Courtesy of The Daily Beast:
The word “unprecedented” has been used ad nauseam in recent months, but when public health authorities tried on Sunday to predict the potentially catastrophic effect of nationwide police brutality protests amid a deadly pandemic, it seemed hard to find a suitable alternative.
After months of diligent social distancing to curb COVID-19 transmission, Americans in major cities all over the country took to the streets in huge crowds this week to protest the death of George Floyd—and decades of other black deaths at the hands of police officers—after the 46-year-old was killed by a white Minneapolis police officer who shoved a knee into his neck while he was handcuffed, face-down on the pavement.
Public health experts and city leaders now fear new waves of COVID-19 outbreaks could worsen infection numbers and deepen racial disparities among those severely sickened by the virus.
Protesters, reporters, and police officers were injured in the swelling demonstrations that led to curfews in more than 25 major metropolitan cities from Colorado and Tennessee to Florida and Kentucky and Ohio.
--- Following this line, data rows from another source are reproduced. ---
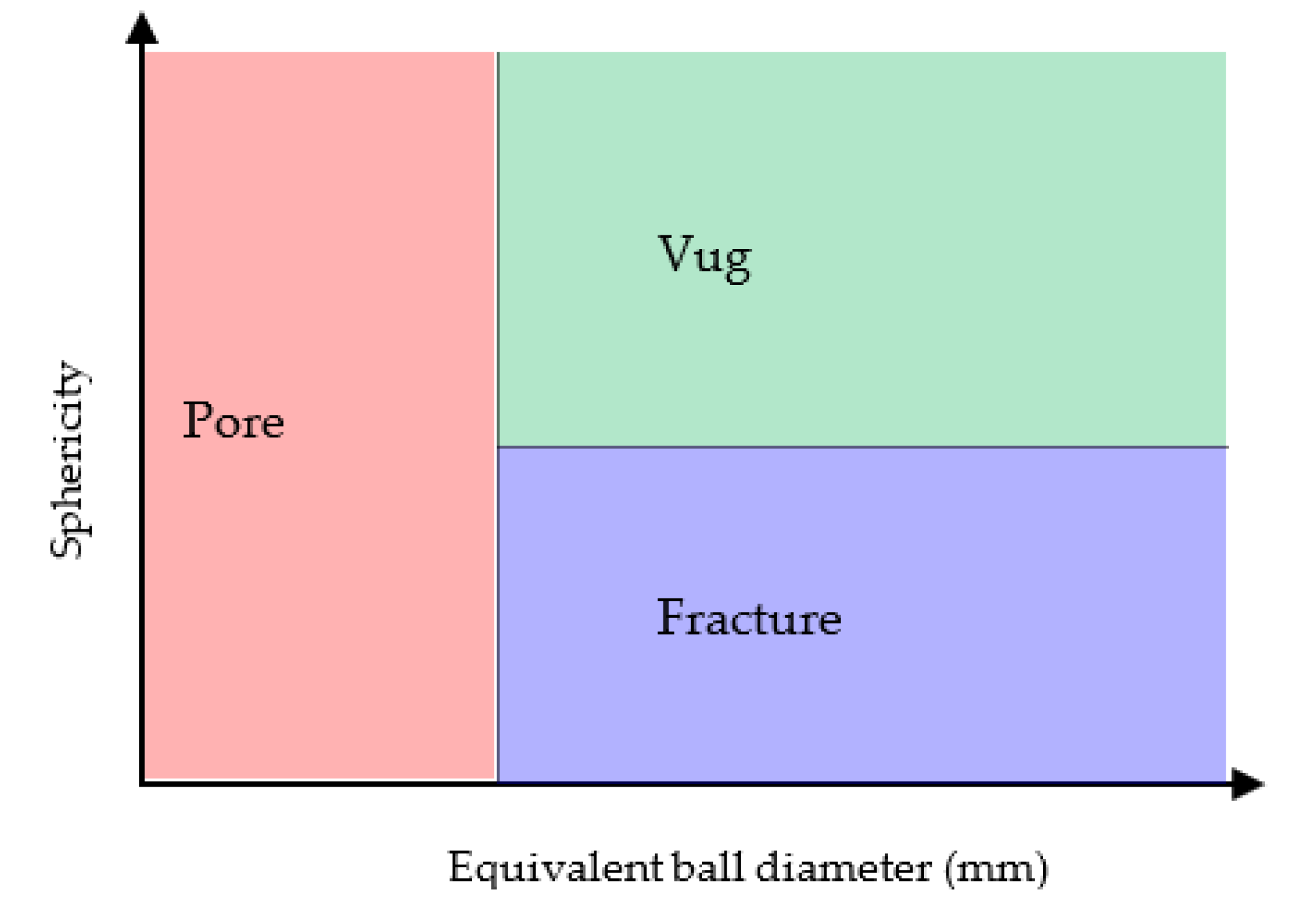 Energies 15 03748 g005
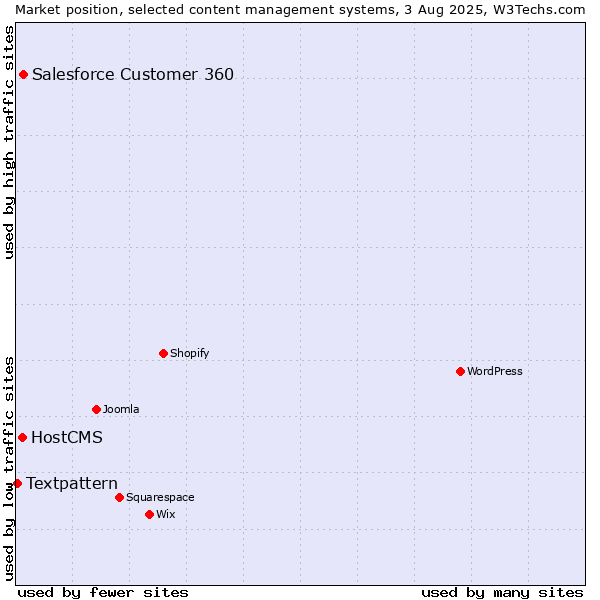 Market position of Salesforce Customer 360 vs. HostCMS vs. Textpattern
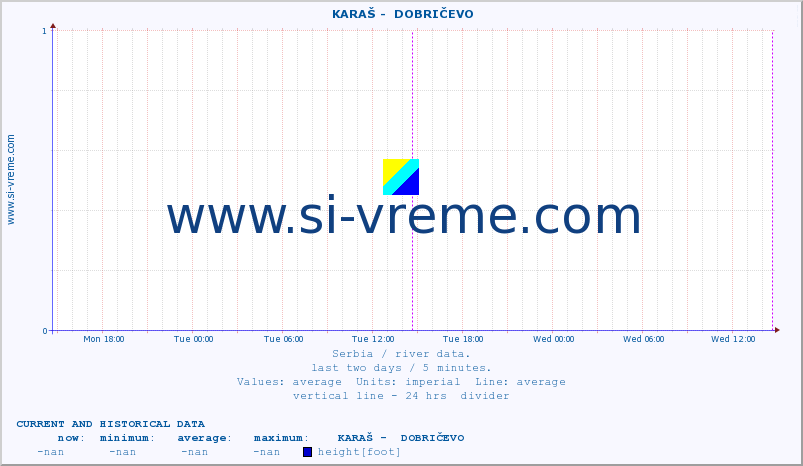  ::  KARAŠ -  DOBRIČEVO :: height |  |  :: last two days / 5 minutes.
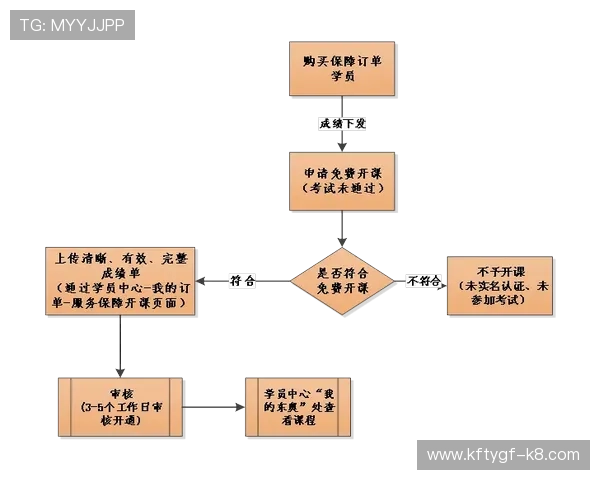K8.com凯发登陆官网注册流程详解新手玩家快速入门指南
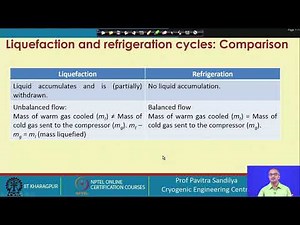 Lecture 69: Cryogenic refrigeration and liquefaction in natural gas systems - I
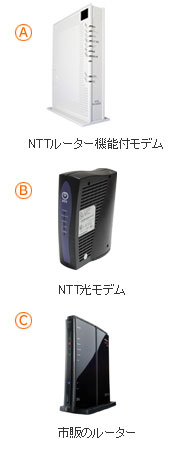 インターネットモデム　ルーター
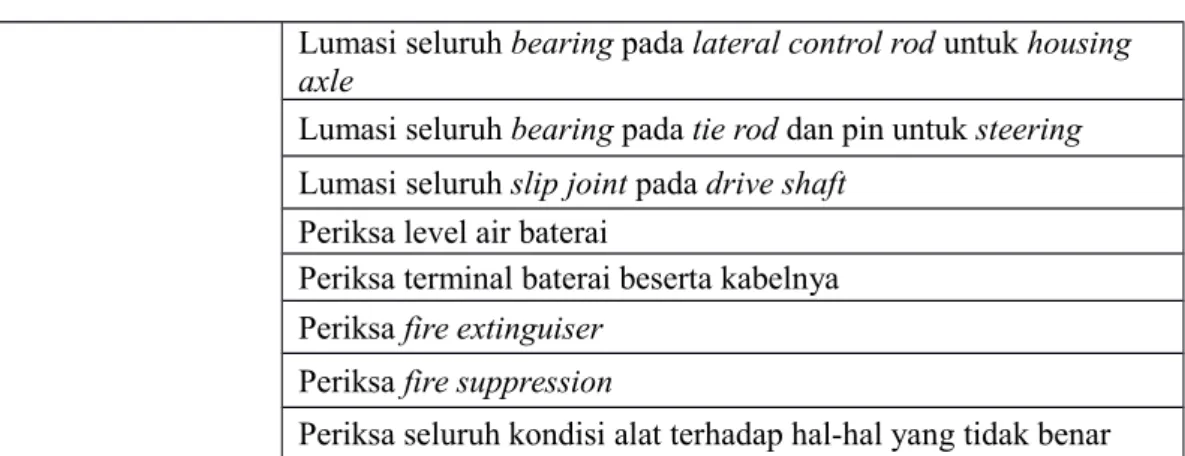 Tabel 2.4 Activity Preventive maintenance 2000 Hours Sumber : PM Service sheet Off Highway Truck 777D,2007 Interval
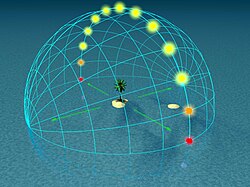 21. ožujka i 23. rujna Sunčeve zrake padaju okomito na sva mjesta koja se nalaze na Zemljinom ekvatoru (mjesta sa zemljopisnom širinom 0°), a Sunce će se u gornjoj kulminaciji naći u zenitu (nema sjene u podne).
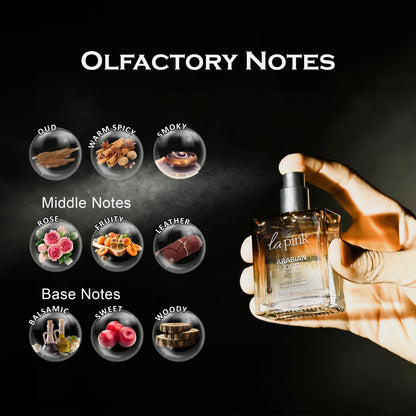 Perfume bottle held by a hand with olfactory notes labeled on a dark background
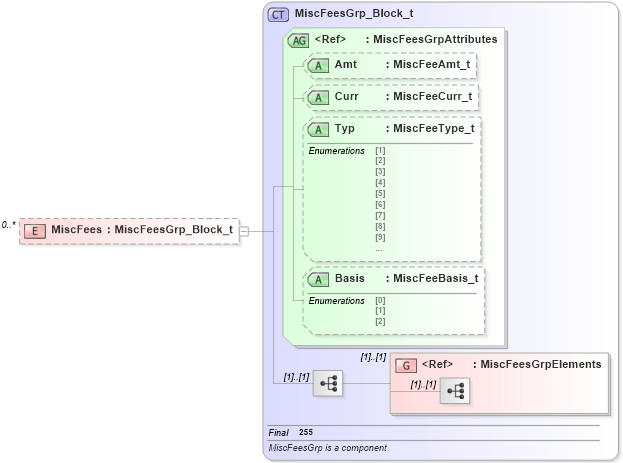 XSD Diagram of MiscFees in schema fixml-collateral-base-4-4_xsd (Financial Information eXchange (FIX))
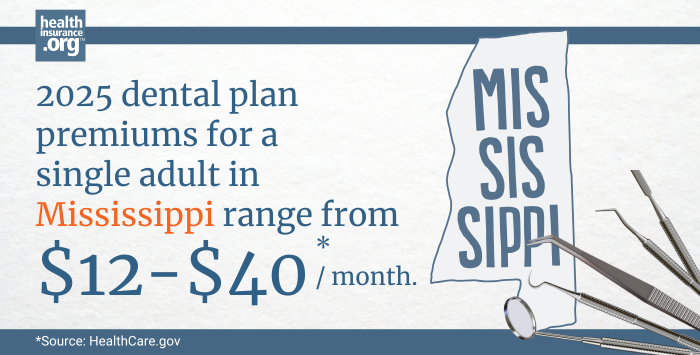 Infographic with the text 2025 dental plan premiums for a single adult in Mississippi rage from $12 to $40 per month.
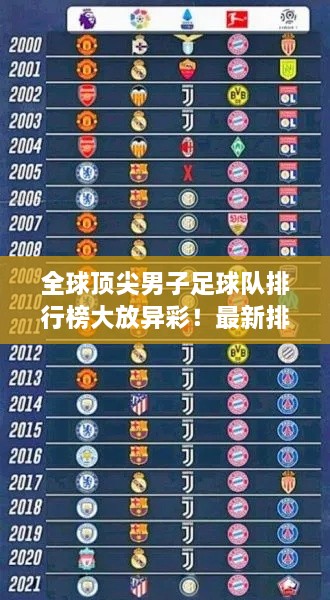 全球顶尖男子足球队排行榜大放异彩！最新排名榜单揭晓！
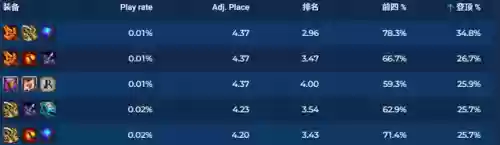 云顶1.4阵容(云顶最新阵容)插图7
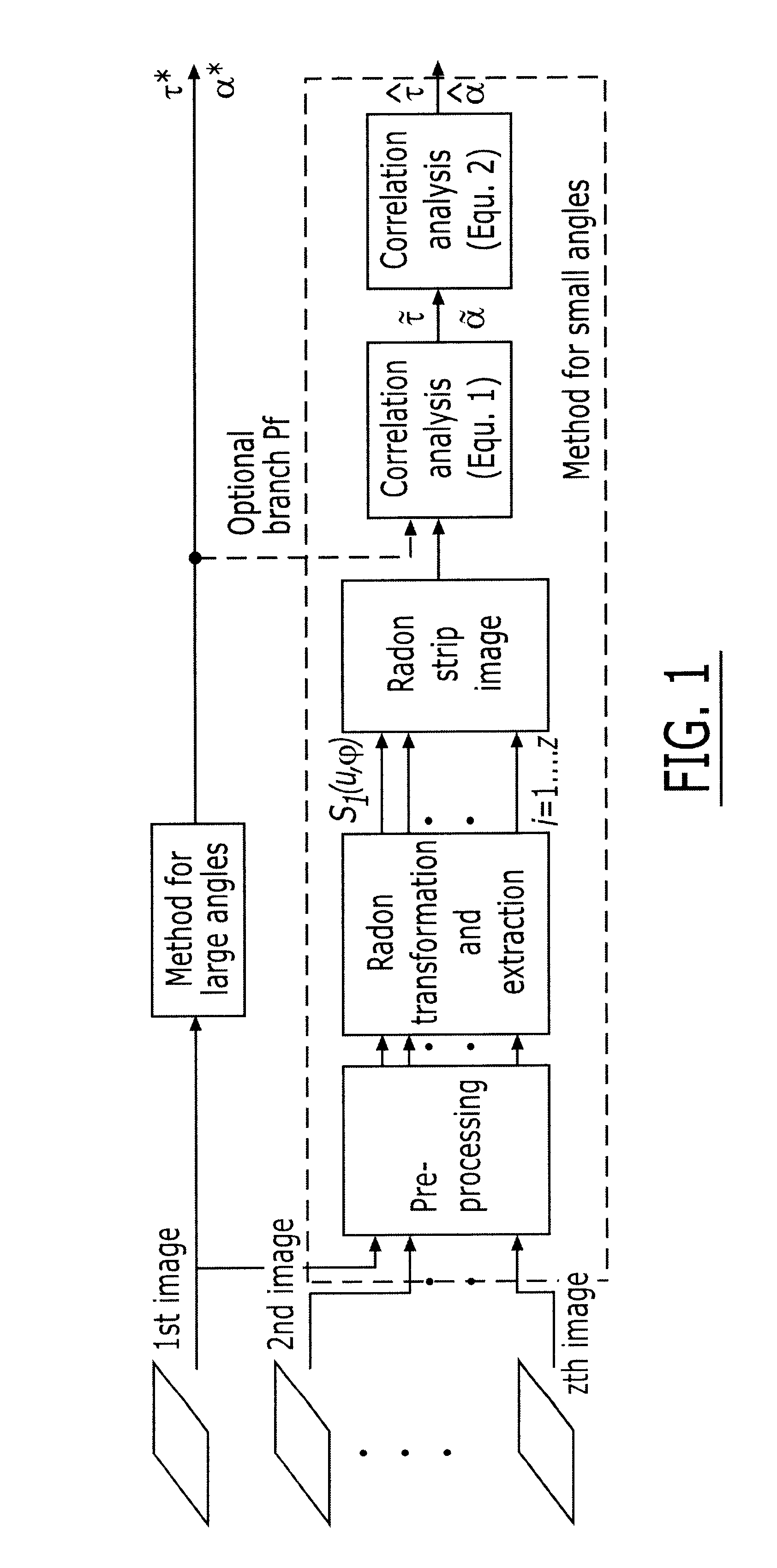 Method and device for determining an angled structure in the surface of a precision machined cylindrical work piece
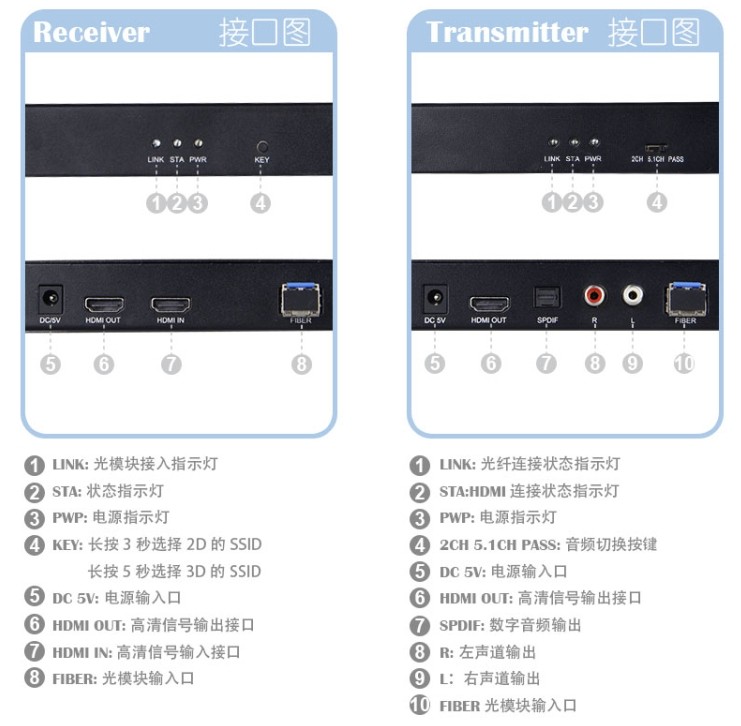 HDMI光端机2~20公里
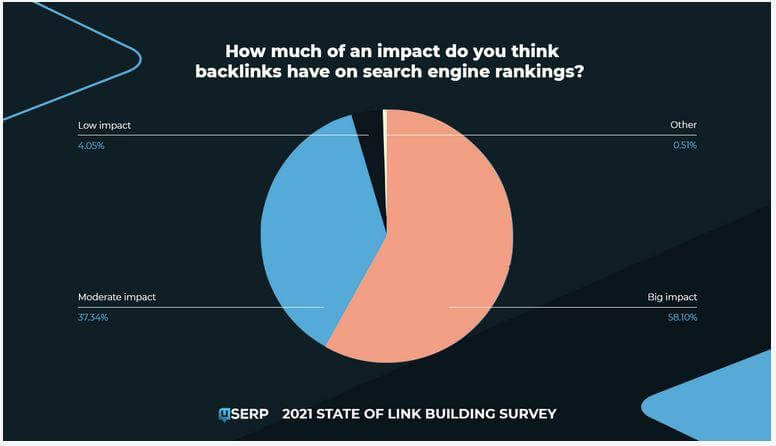 The impact backlinks have on search engine rankings.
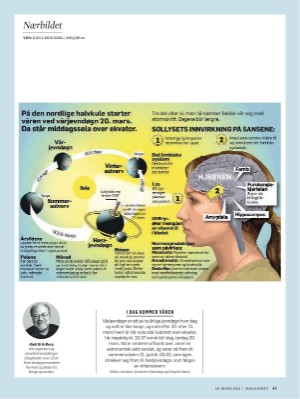 dagbladet_magasinet-20210320_000_00_00_041.pdf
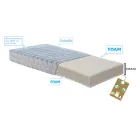 Square and Half Mattress with Anti-Mite Pocket Spring Mattress Bio Springs - Biosprings Viadurini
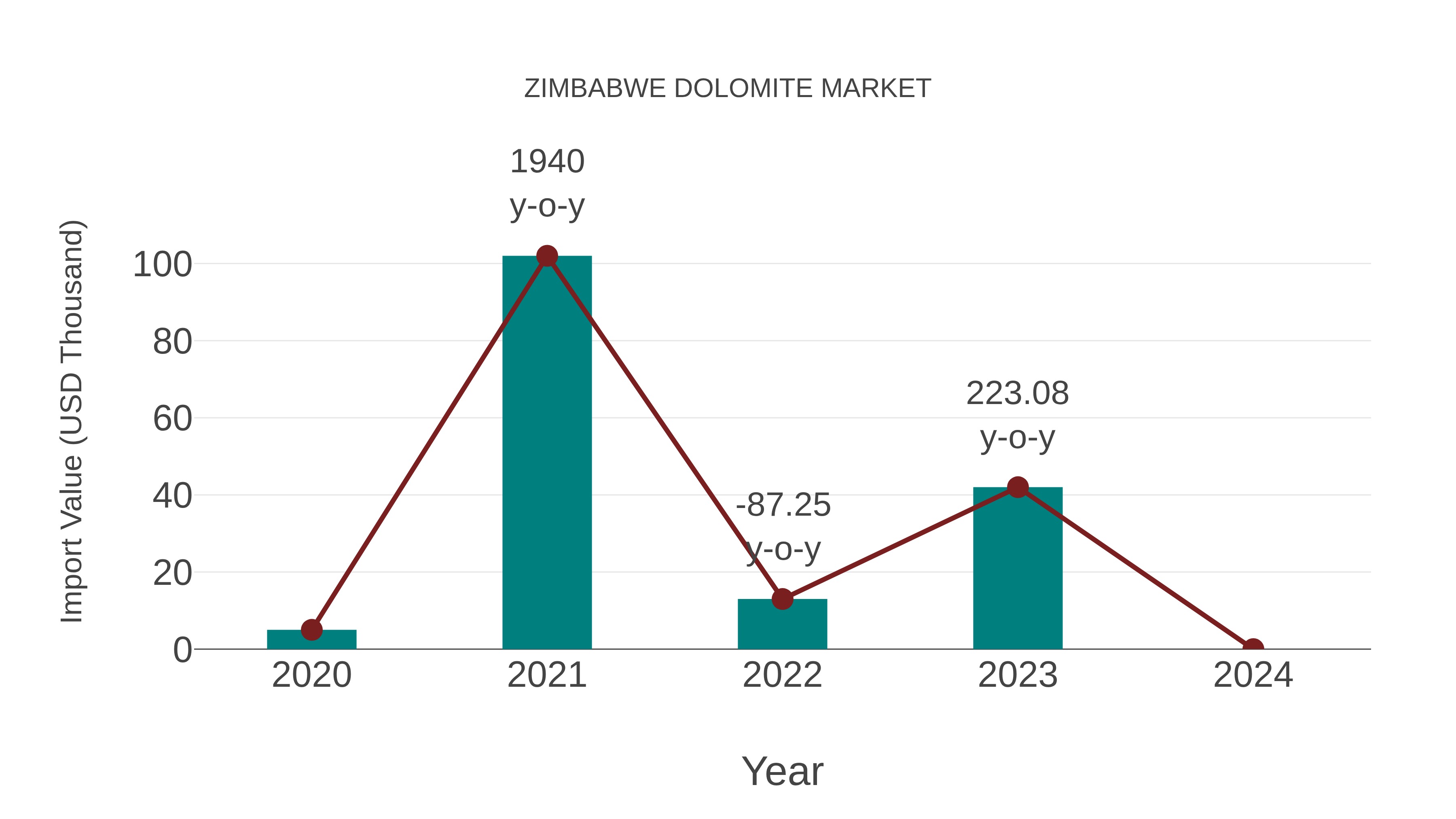  Zimbabwe Dolomite Market: Import Trend Analysis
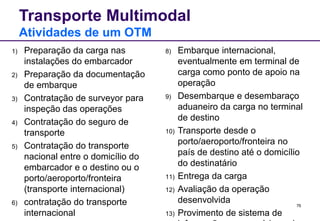 76
Transporte Multimodal
Atividades de um OTM
1) Preparação da carga nas
instalações do embarcador
2) Preparação da documentação
de embarque
3) Contratação de surveyor para
inspeção das operações
4) Contratação do seguro de
transporte
5) Contratação do transporte
nacional entre o domicílio do
embarcador e o destino ou o
porto/aeroporto/fronteira
(transporte internacional)
6) contratação do transporte
internacional
8) Embarque internacional,
eventualmente em terminal de
carga como ponto de apoio na
operação
9) Desembarque e desembaraço
aduaneiro da carga no terminal
de destino
10) Transporte desde o
porto/aeroporto/fronteira no
país de destino até o domicílio
do destinatário
11) Entrega da carga
12) Avaliação da operação
desenvolvida
13) Provimento de sistema de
The national guard was deployed in Minnesota, Georgia, and the cities of Chicago and Los Angeles.
Atlanta Mayor Keisha Lance Bottoms urged demonstrators in her city to seek COVID-19 tests after attending protests, especially considering the mounting evidence that the pandemic is “killing black and brown people at higher numbers.” Bottoms told CNN’s Jake Tapper, host of State of the Union, on Sunday morning that she is “extremely concerned” about COVID-19 spikes in the coming weeks.
Though many states continued to phase out of stay-at-home orders this month, nearly a dozen last week were experiencing increases of daily case counts for the deadly virus, which had infected more than 1,773,020 Americans and killed more than 103,853 as of Sunday morning.
Minnesota’s health commissioner and Minneapolis Mayor Jacob Frey have both warned that the protests will likely create a spike in infections, sandwiching one crisis on top of another. Minnesota Gov. Tim Walz on Saturday said he worried that protesters were not adequately socially distancing or wearing masks during demonstrations.
“I will continue to stress, because it seems like a lifetime ago: We are still in the middle of a pandemic and passed 1,000 deaths yesterday,” said Walz. “We still have hospitals on the verge of being overrun with COVID-19.”
I have been watching these protests with a growing sense of dread.
Not only are some people a little sloppy with their mask-wearing, but they are also often in tightly packed groups and freely touching each other as if we are community transmission was not a thing.
What’s more, these protests are all over the country including in places that are still practicing social distancing and have done a relatively good job of controlling their outbreak.
There is a very good chance that all of that will now be erased, and that these communities will be overwhelmed with new cases that will tax their hospitals to the limit and send their communities right back into quarantine.
Don’t get me wrong I support protesting for social justice, but I am also hoping to see us get to the other side of this pandemic, and this is not doing anything to help that happen.